How could we prove that for every positive integer $n$, the number
$$({\sqrt{2}+1})^{1/n} + ({\sqrt{2}-1})^{1/n}$$ is irrational?
I think it could be done inductively from a more general expression, but I don't know how.
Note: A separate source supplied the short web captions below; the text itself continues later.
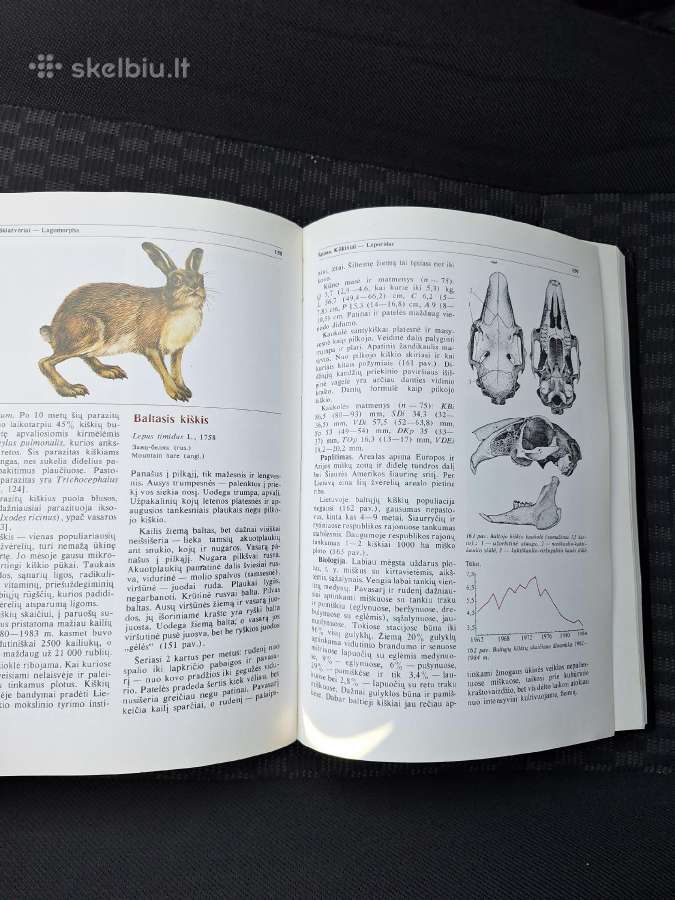 Lietuvos fauna. Žinduoliai - nuotraukos Nr. 4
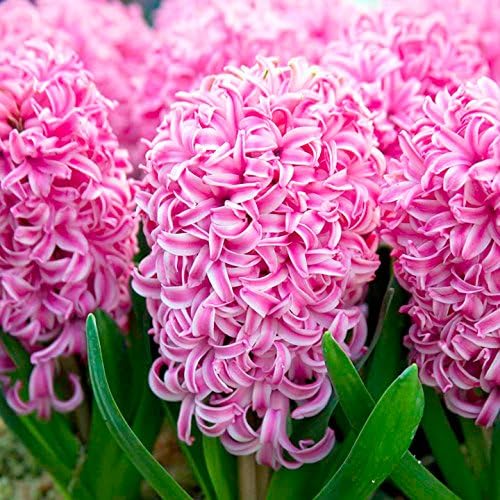 12 HYACINTH BULBS - PINK PEARL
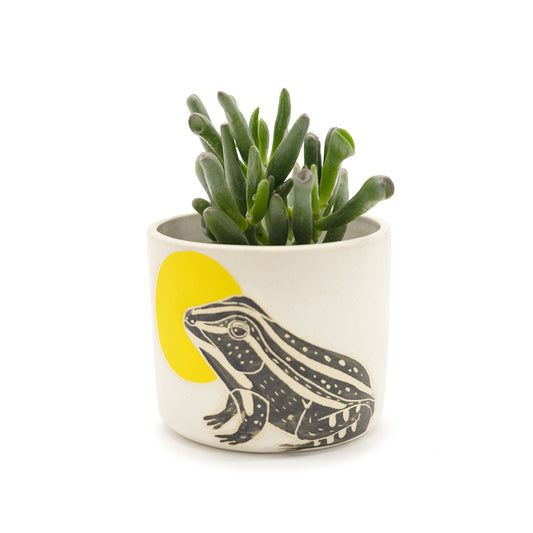Animal Cup / Planter by Lizbeth Navarro Ceramics - Frog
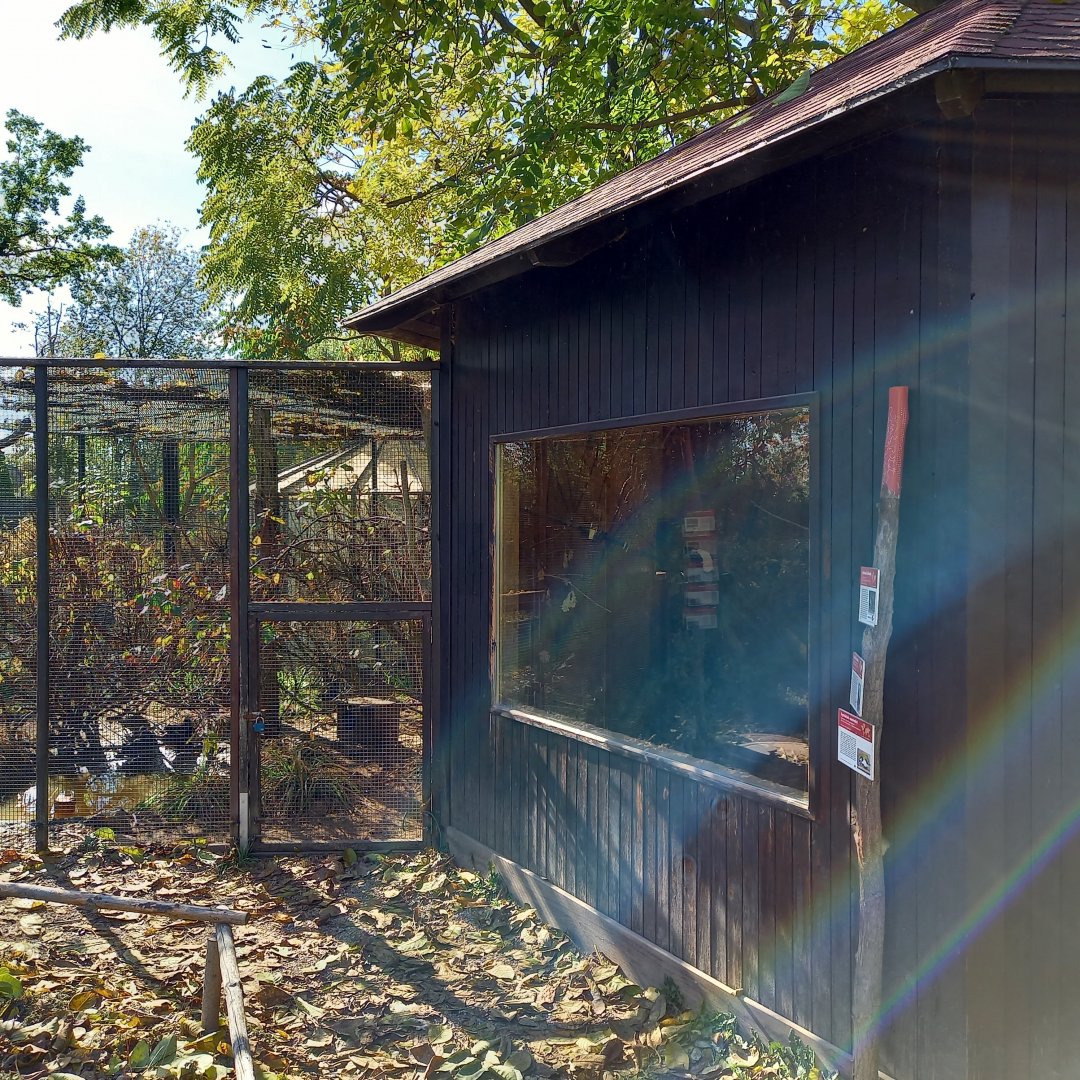 Waterfowl - Honeyeater aviary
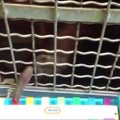 Būsima „Youtube“ sensacija: orangutangas groja ksilofonu-pianinu, ūdros - sintezatoriumi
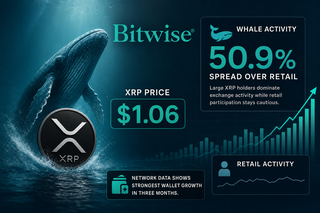 XRP price chart showing whale accumulation divergence from retail traders near $1 support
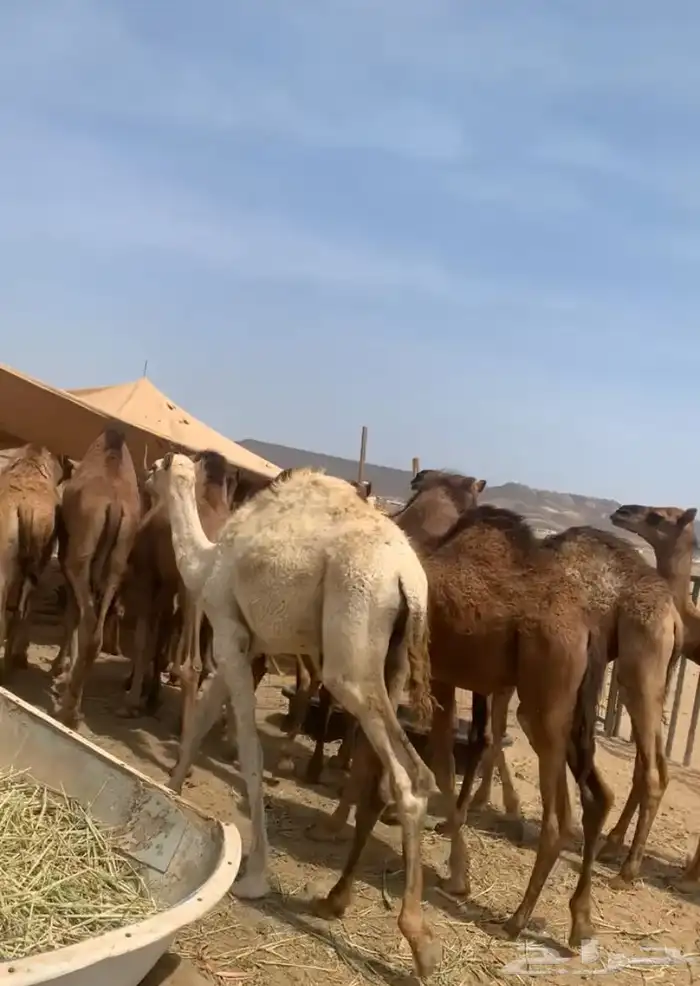 قعدان بلدي من سته الى سبعه اشهور بلجمه وتفريد عدد 13 0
I made an effort trying to solve it using many different methods.
Answer
Assume that for a certain positive integer $n$
$$
\big(\sqrt{2}-1\big)^{1/n}+\big(\sqrt{2}+1\big)^{1/n}\in \mathbb Q.
$$
Clearly, $\,\big(\sqrt{2}-1\big)^{1/n}\cdot\big(\sqrt{2}+1\big)^{1/n}=1$, and thus
$$
\left(\big(\sqrt{2}-1\big)^{1/n}+\big(\sqrt{2}+1\big)^{1/n}\right)^2=
\big(\sqrt{2}-1\big)^{2/n}+2+\big(\sqrt{2}+1\big)^{2/n}
\in \mathbb Q,
$$
and hence
$$
\big(\sqrt{2}-1\big)^{2/n}+\big(\sqrt{2}+1\big)^{2/n}
\in \mathbb Q.
$$
Next
$$
\left(\big(\sqrt{2}-1\big)^{1/n}+\big(\sqrt{2}+1\big)^{1/n}\right)^3=
\big(\sqrt{2}-1\big)^{3/n}+\big(\sqrt{2}+1\big)^{3/n}+3\left(\big(\sqrt{2}-1\big)^{1/n}+\big(\sqrt{2}+1\big)^{1/n}\right),
$$
and hence
$$
\big(\sqrt{2}-1\big)^{3/n}+\big(\sqrt{2}+1\big)^{3/n}\in\mathbb Q.
$$
Let $s_k=\big(\sqrt{2}-1\big)^{k/n}+\big(\sqrt{2}+1\big)^{k/n}$. Then
$$
s_1^k=s_k+\binom{k}{1}s_{k-2}+\binom{k}{2}s_{k-4}
+\cdots+\binom{k}{\lfloor k/2\rfloor}s_{k-2\lfloor k/2\rfloor},
$$
which means that we can inductively show that
$$
s_1,s_2,\ldots,s_n\in\mathbb Q.
$$
But
$$
s_n=\big(\sqrt{2}-1\big)+\big(\sqrt{2}+1\big)=2\sqrt{2}\not\in\mathbb Q,
$$
and hence
$$
s_1=\big(\sqrt{2}-1\big)^{1/n}+\big(\sqrt{2}+1\big)^{1/n}\not\in\mathbb Q.
$$
Generalization. If $a,b\in\mathbb R$, such that
$a,b, a+b\not\in\mathbb Q$ and $ab\in\mathbb Q$, then using exactly this method, we obtain that
$a^{1/n}+b^{1/n}\not\in\mathbb Q$, for all $n\in\mathbb N$.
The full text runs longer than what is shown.